AOL is pushing their two year old OpenAim initiative much further this morning with OpenAIM 2.0.
There are three key changes of note. First they are now embracing services that they previously tried to stop – multiheaded clients and websites that allow users to access all of the major instant messaging platforms in one place. These are desktop services like Pidgin (open source), Adium (Mac) and Trillian (Windows). And web based services like Meebo and eBuddy. Today those services have to hack in to MSN, Yahoo and AOL services (Google Gtalk is open). Now AOL is giving them unfettered access, too.
What that means is that AOL goes from being in a position of half ignoring services like Meebo and half vaguely threatening to sue them, to fully embracing and supporting the services.
Second, AOL is also removing the usage restrictions that were put in place two years ago that restricted big services from using them (again, forcing Meebo, eBuddy and others to hack in).

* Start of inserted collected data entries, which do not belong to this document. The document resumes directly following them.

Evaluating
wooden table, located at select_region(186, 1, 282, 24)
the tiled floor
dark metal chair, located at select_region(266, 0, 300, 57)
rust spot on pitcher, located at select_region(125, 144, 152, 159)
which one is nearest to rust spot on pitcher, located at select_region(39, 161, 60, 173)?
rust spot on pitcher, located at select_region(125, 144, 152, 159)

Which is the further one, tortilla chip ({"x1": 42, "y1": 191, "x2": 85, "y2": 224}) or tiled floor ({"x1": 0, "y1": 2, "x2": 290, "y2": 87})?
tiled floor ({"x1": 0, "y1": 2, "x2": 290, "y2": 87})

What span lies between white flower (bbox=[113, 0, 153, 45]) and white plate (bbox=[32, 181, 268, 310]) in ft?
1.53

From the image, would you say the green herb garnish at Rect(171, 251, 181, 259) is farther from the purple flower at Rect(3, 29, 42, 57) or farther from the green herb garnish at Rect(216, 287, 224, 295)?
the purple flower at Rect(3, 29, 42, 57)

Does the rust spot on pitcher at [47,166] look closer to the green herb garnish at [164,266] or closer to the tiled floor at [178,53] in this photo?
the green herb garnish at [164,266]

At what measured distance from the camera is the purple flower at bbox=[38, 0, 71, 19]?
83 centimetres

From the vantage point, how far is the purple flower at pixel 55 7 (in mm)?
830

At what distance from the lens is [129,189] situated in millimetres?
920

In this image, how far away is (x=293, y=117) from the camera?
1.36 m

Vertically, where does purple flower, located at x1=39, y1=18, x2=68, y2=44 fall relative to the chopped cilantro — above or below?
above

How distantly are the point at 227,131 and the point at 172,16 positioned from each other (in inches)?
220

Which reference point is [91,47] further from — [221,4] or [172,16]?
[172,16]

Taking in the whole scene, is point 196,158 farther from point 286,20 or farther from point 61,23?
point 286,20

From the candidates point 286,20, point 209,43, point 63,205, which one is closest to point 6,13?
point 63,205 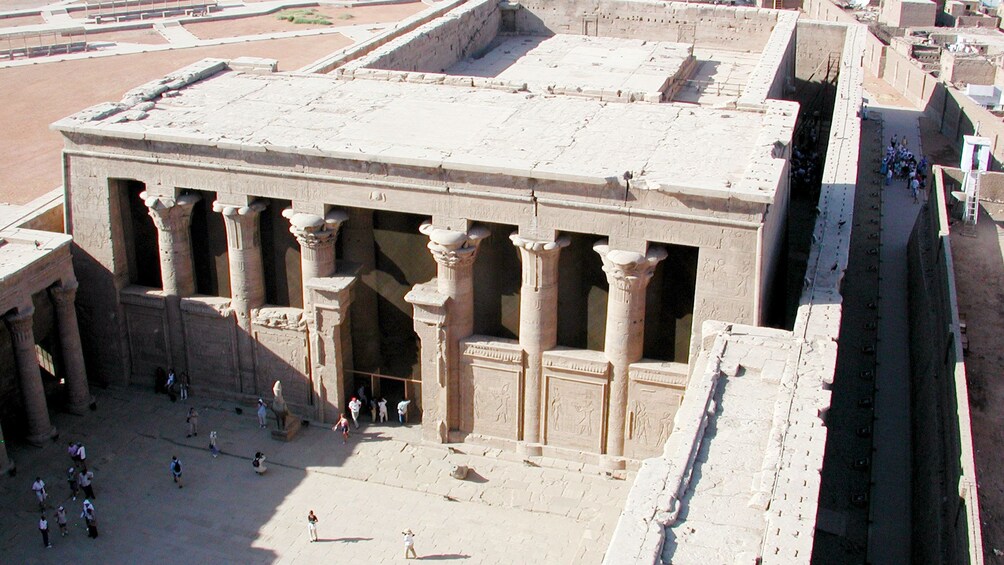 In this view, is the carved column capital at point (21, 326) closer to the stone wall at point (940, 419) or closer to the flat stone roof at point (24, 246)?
the flat stone roof at point (24, 246)

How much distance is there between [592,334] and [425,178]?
5712mm

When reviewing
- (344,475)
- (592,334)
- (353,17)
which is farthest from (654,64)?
(353,17)

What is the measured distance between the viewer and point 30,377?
88.9 feet

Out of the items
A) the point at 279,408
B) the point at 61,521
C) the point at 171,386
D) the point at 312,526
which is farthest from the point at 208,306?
the point at 312,526

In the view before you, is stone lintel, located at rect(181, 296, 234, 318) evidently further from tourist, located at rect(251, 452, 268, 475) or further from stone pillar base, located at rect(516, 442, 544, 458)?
stone pillar base, located at rect(516, 442, 544, 458)

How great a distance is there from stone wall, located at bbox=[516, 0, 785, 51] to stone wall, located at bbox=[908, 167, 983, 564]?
50.1ft

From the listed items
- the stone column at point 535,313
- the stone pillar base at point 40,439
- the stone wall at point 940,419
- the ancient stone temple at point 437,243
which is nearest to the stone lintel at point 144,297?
the ancient stone temple at point 437,243

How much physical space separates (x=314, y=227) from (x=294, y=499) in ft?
21.8

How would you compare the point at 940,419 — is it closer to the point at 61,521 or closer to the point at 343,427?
the point at 343,427

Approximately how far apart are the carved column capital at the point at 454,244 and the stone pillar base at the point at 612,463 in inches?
232

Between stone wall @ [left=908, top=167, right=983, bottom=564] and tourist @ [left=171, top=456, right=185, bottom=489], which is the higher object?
stone wall @ [left=908, top=167, right=983, bottom=564]

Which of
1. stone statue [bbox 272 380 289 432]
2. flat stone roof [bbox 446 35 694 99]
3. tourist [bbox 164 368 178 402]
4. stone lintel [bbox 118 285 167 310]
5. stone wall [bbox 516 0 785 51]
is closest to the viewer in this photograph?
stone statue [bbox 272 380 289 432]

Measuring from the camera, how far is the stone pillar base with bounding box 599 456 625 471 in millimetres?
27078

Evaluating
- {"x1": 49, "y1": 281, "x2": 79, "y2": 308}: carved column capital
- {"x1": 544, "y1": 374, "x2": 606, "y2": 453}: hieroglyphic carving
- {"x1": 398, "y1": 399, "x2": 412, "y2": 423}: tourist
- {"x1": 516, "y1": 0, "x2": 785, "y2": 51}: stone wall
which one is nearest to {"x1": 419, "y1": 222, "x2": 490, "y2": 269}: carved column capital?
{"x1": 544, "y1": 374, "x2": 606, "y2": 453}: hieroglyphic carving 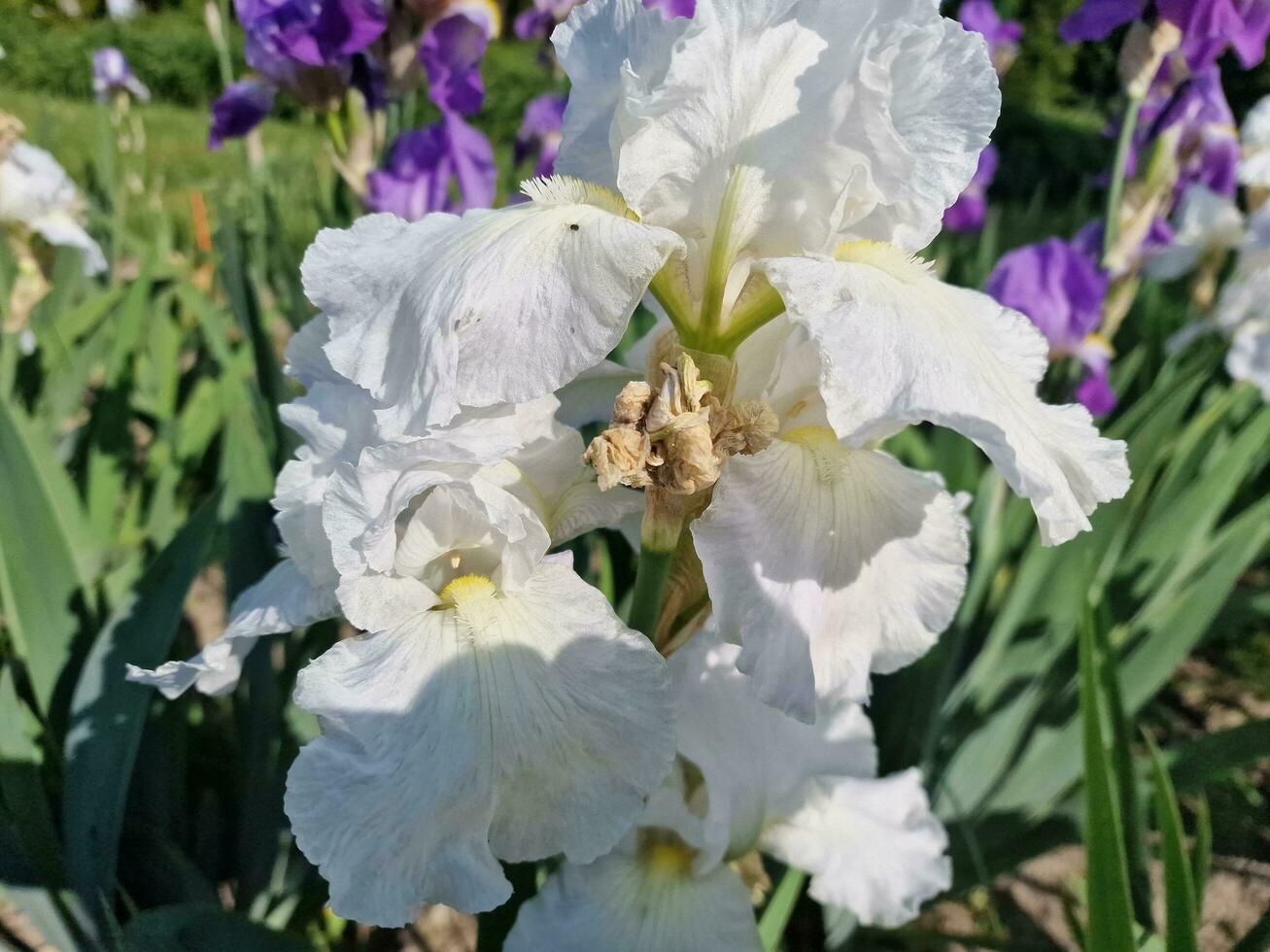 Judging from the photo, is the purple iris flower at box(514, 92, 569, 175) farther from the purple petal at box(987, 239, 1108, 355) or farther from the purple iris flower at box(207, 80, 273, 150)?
the purple petal at box(987, 239, 1108, 355)

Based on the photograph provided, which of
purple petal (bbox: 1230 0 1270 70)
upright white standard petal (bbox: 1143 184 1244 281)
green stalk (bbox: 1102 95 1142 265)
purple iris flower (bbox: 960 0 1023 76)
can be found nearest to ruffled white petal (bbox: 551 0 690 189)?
green stalk (bbox: 1102 95 1142 265)

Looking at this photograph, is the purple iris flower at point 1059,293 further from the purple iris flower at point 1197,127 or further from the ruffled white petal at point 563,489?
the ruffled white petal at point 563,489

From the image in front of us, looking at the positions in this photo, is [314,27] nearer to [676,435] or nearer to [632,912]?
[676,435]

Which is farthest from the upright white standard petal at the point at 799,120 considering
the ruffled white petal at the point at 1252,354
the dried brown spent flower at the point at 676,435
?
the ruffled white petal at the point at 1252,354

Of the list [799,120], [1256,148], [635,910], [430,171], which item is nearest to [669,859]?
[635,910]

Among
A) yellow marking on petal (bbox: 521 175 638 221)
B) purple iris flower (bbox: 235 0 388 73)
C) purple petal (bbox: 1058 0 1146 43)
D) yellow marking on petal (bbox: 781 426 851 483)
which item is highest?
purple petal (bbox: 1058 0 1146 43) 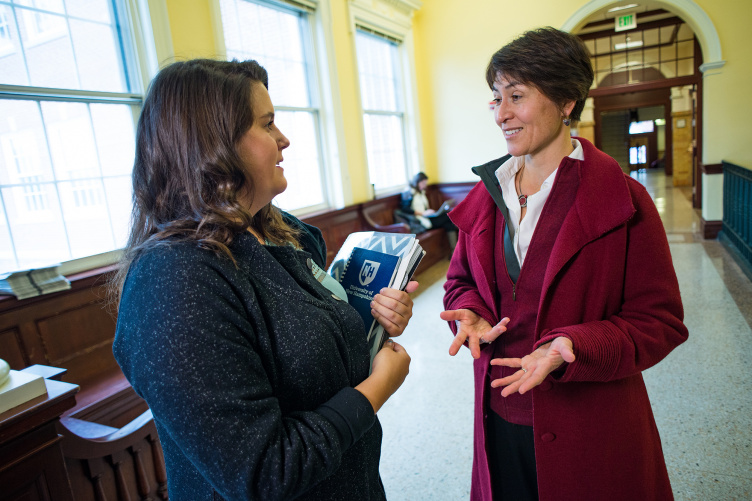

Third, AOL is saying they’ll soon be giving partners who build software on top of AIM the option to run AOL-served advertisements with a revenue share. AOL says more details on advertising will be coming next month, and will be powered by their Userplane group, which AOL acquired in 2006.
There are a number of additional changes to OpenAIM as well, including more robust tools for third party add-ons (see gallery of existing add-ons here) and for mobile applications. And they are documenting their protocol for accessing AIM, called OSCAR.
David Liu, AOL SVP of Social Media, Messaging and Homepages, said in an interview that they want to remove all the friction and hurdles to third parties who want to leverage the AIM service, and welcome them with open arms. “To that end, we’ve come together with third-party chat services such as meebo and eBuddy to enhance the experiences of our users who access the AIM platform from these web-based services. We’re also giving developers the tools and flexibility they desire to build innovative and meaningful applications around instant messaging for web users around the globe.”
AIM has 27.3 million monthly users (plus another 30 million at ICQ, which is not part of this announcement), according to recent Comscore data. MSN has 235 million and Yahoo has 97.6 million. Gtalk has 4.9 million.